10. Monitoring Aplikasi Laravel: Memantau Kinerja dan Kesehatan Website

Setelah aplikasi Laravel berhasil di-deploy dan berjalan dengan lancar, penting untuk melakukan monitoring secara berkala. Monitoring membantu kamu memantau kinerja dan kesehatan website, serta mendeteksi masalah sejak dini.

  • Gunakan Tools Monitoring: Ada banyak tools monitoring yang tersedia, seperti New Relic, Datadog, dan Sentry. Tools ini memberikan informasi tentang penggunaan resource server, response time, error rate, dan metrik penting lainnya.
  • Pantau Log Aplikasi: Periksa log aplikasi secara berkala untuk mendeteksi error dan warning.
  • Ukur Performa Website: Gunakan tools seperti Google PageSpeed Insights untuk mengukur performa website dan mendapatkan rekomendasi untuk perbaikan.
  • Buat Alert: Konfigurasikan alert agar kamu mendapatkan notifikasi jika terjadi masalah, seperti error rate yang tinggi atau response time yang lambat.

Dengan melakukan monitoring secara teratur, kamu bisa memastikan aplikasi Laravel kamu berjalan dengan optimal dan memberikan pengalaman terbaik bagi pengguna.

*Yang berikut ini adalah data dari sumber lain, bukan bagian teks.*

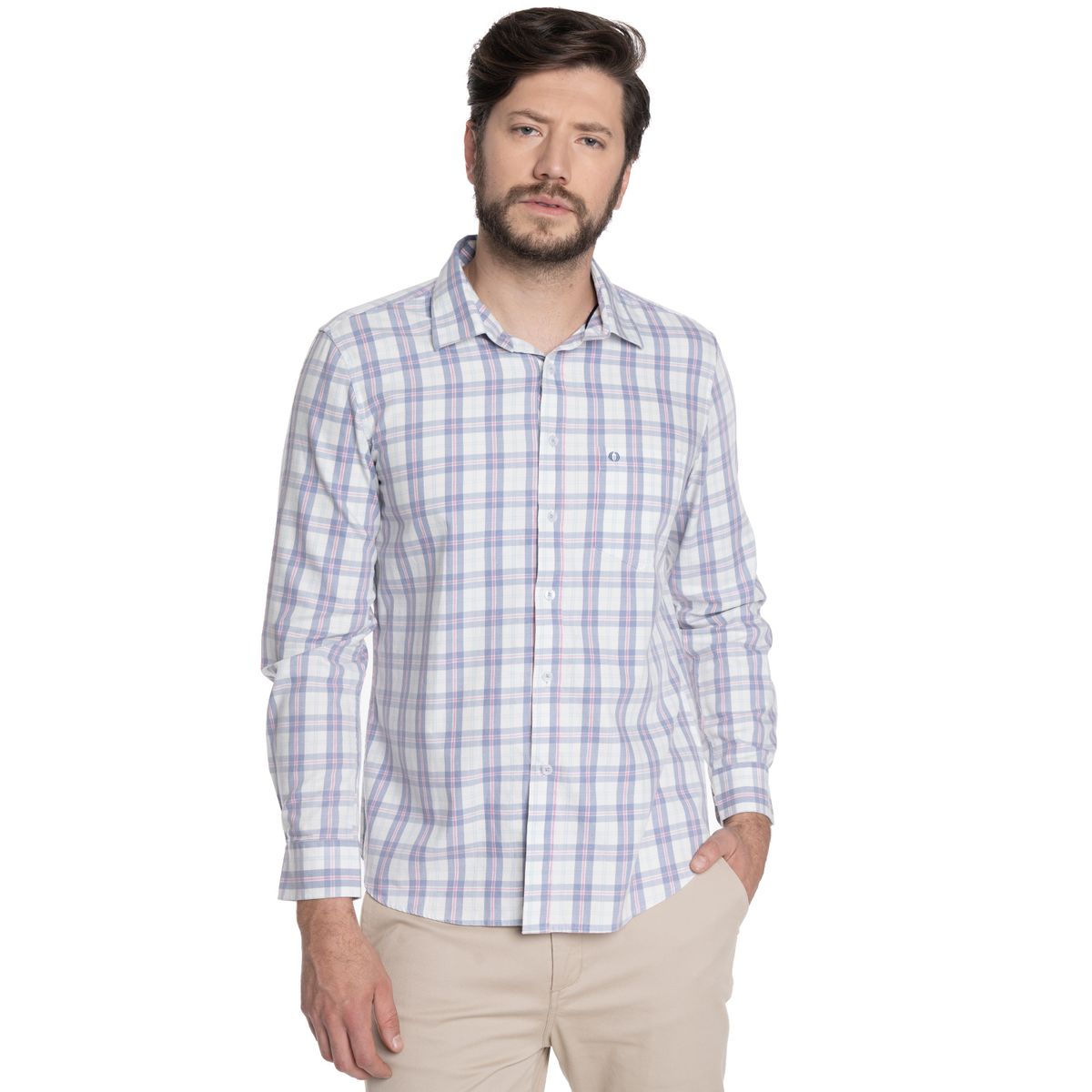 POTROS - CAMISA HOMBRE CASUAL MANGA LARGA TREVIRA ESCOCESA OVIEDO - POTROS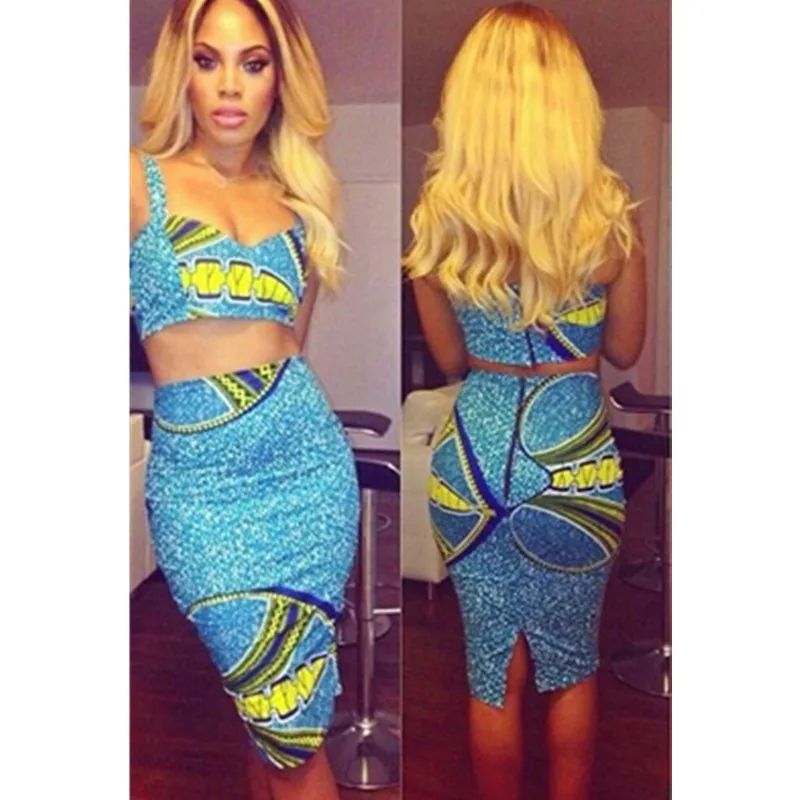 Sexy Strapless Slim Temperate Fashion Girls Two Piece Bodycon Dress Celebrity Skirt Night Sexy Club Dress 2015 L27877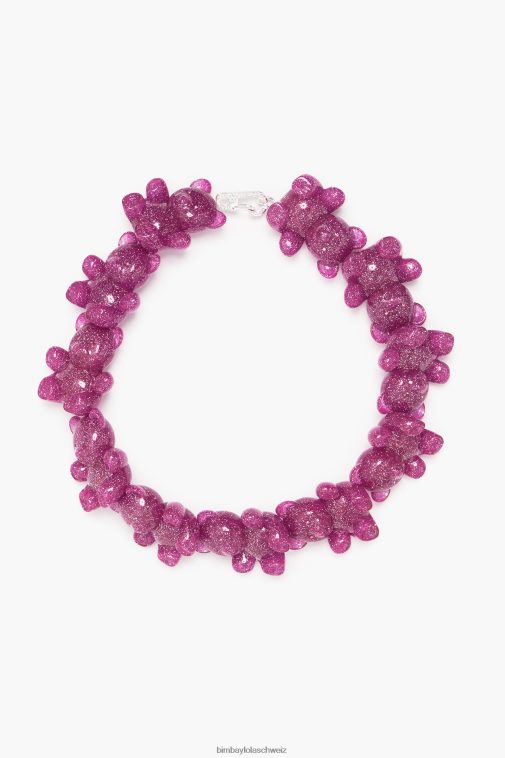 Bimba Y Lola Glitzer-Teddybär-Halskette Rosa Zubehör T04ZZ800
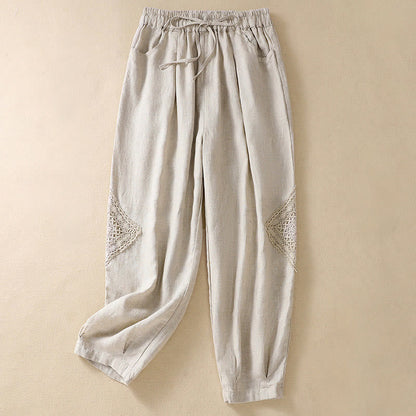 Buddha Stones Summer Women's Drawstring Harem Pants With Pockets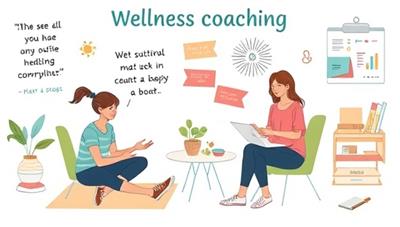 A wellness coaching session illustration featuring a student and coach engaged in a fitness activity, meditation practice, or healthy meal preparation, surrounded by motivational quotes, wellness tools, and educational materials, inspiring a balanced and healthy lifestyle for students.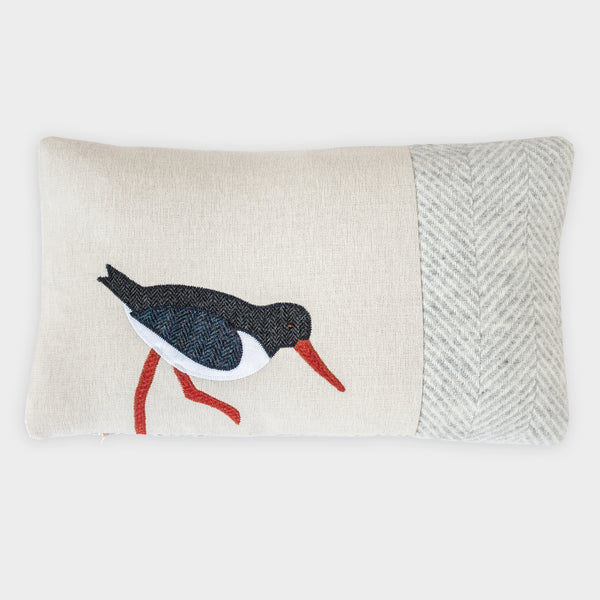 Handmade Oystercatcher Cushion in Herringbone Wools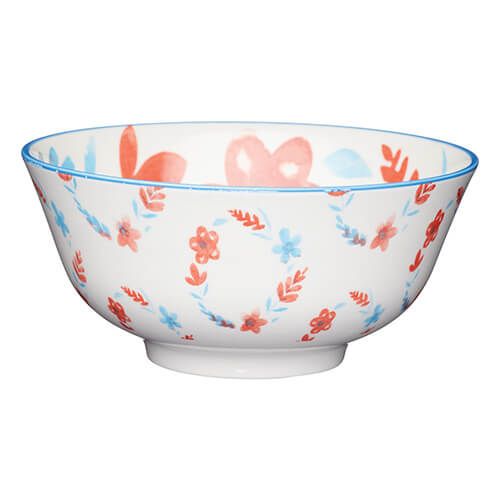 KitchenCraft Glazed Stoneware Bowl Painted Floral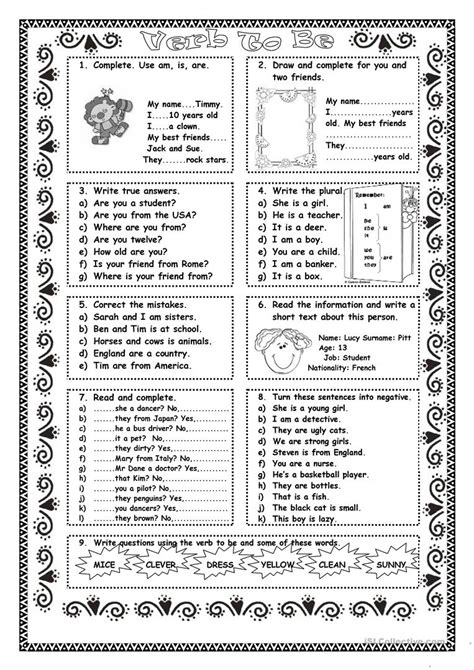 Verb To Be Worksheets Printable Printable Worksheets Hot Sex Picture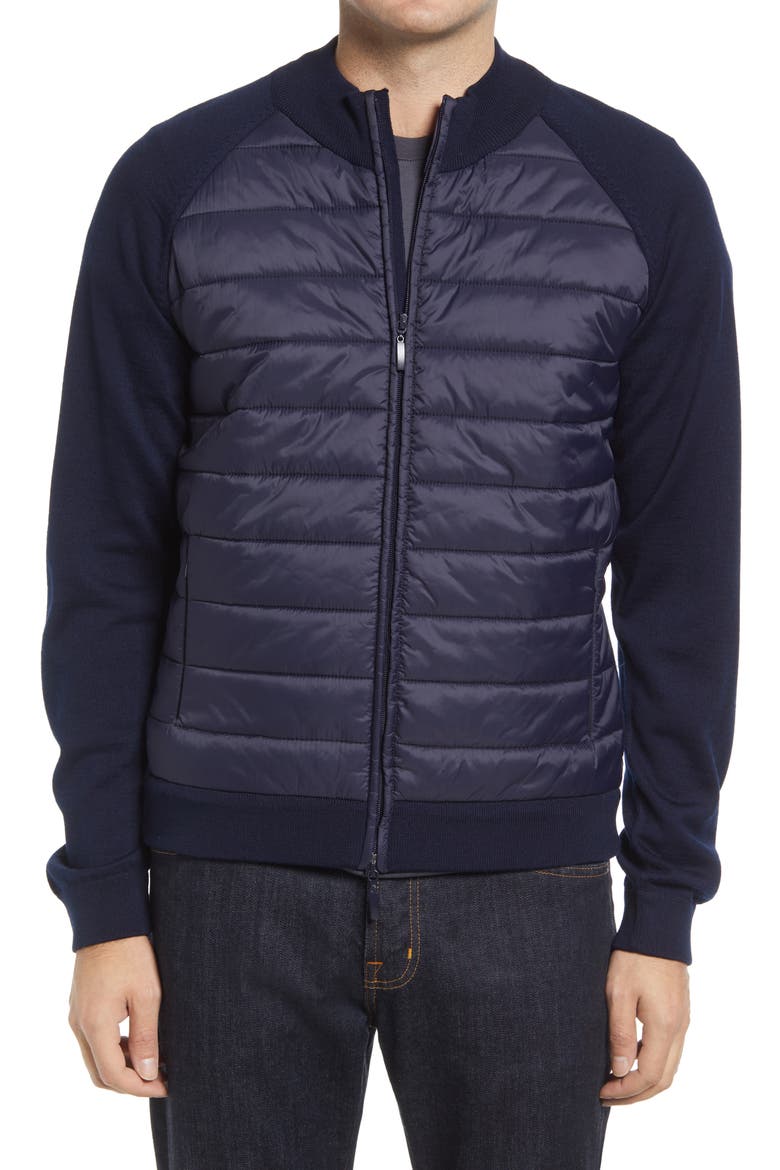Lantana Mix Media Quilted Wool Blend Jacket, Alternate, color, NAVY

11. Update Aplikasi Laravel: Deploy Perubahan Terbaru

Setelah aplikasi online, kamu pasti akan melakukan perubahan dan update secara berkala. Berikut cara mudah untuk deploy perubahan terbaru:

  1. Lakukan Perubahan di Local: Lakukan semua perubahan yang diperlukan di local environment kamu.
  2. Commit dan Push ke Repository Git: Commit perubahan ke repository Git dan push ke remote repository (contoh: GitHub, GitLab, Bitbucket).
  3. Pull Perubahan di Server: Melalui SSH, masuk ke folder aplikasi di server dan jalankan perintah git pull.
  4. Optimasi Aplikasi (Optional): Jalankan perintah-perintah optimasi seperti php artisan config:cache, php artisan route:cache, php artisan view:cache, dan php artisan migrate (jika ada perubahan database).

Proses update ini akan mengganti kode aplikasi yang lama dengan kode yang baru. Pastikan kamu melakukan backup data sebelum melakukan update, untuk menghindari kehilangan data jika terjadi masalah.

12. Kesimpulan: Website Laravel Online dalam Genggaman!

Selamat! Kamu sudah berhasil mengikuti panduan lengkap cara deploy aplikasi Laravel ke server dan membuat website kamu online. Proses deployment memang membutuhkan beberapa langkah, tapi dengan panduan ini, kamu bisa melakukannya dengan mudah dan cepat.

Ingatlah untuk selalu melakukan persiapan dengan matang, mengkonfigurasi aplikasi dengan benar, melakukan optimasi, dan memantau kesehatan website secara berkala. Dengan begitu, aplikasi Laravel kamu akan berjalan dengan optimal dan memberikan pengalaman terbaik bagi pengguna.

Jangan ragu untuk bereksperimen dan mencoba hal-hal baru. Semoga panduan ini bermanfaat dan selamat mengembangkan aplikasi Laravel yang luar biasa!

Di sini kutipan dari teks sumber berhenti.